Gesetzlich ist kein bestimmter Schulabschluss vorgeschrieben. In der Praxis bevorzugen viele Betriebe Bewerber mit einem Hauptschul- oder Realschulabschluss. Gute Kenntnisse in Chemie, Mathematik und Biologie sind von Vorteil, da das Berufsfeld grundlegende naturwissenschaftliche Kenntnisse erfordert.
In welchen Branchen und bei welchen Arbeitgebern arbeiten Destillateure?
Destillateure finden Beschäftigung in Brennereien, Spirituosenherstellern sowie in der Getränke- und Lebensmittelindustrie. Arbeitgeber sind etwa Obstbrennereien, Whisky- und Rum-Destillerien, Likörfabriken sowie große Konzerne der Spirituosenbranche. Auch kleinere Handwerksbetriebe und Craft-Destillerien, deren Zahl in den letzten Jahren gestiegen ist, stellen Destillateure ein.
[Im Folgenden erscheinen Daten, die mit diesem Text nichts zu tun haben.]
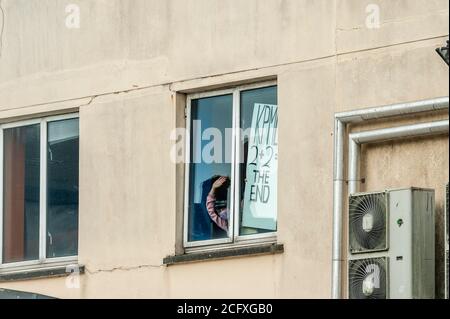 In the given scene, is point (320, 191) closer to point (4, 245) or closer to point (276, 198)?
point (276, 198)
Welche Weiterbildungs- oder Studienmöglichkeiten gibt es nach der Ausbildung?
Nach der Ausbildung besteht die Möglichkeit, sich zum Brennmeister oder Industriemeister Fachrichtung Lebensmittel weiterzubilden. Auch ein Studium im Bereich Lebensmitteltechnologie, Getränketechnologie oder Chemietechnik ist möglich, teilweise über den Weg der Fachgebundenen Hochschulreife. Zusätzlich eröffnen Fortbildungen im Bereich Qualitätsmanagement oder Betriebswirtschaft weitere Karriereperspektiven.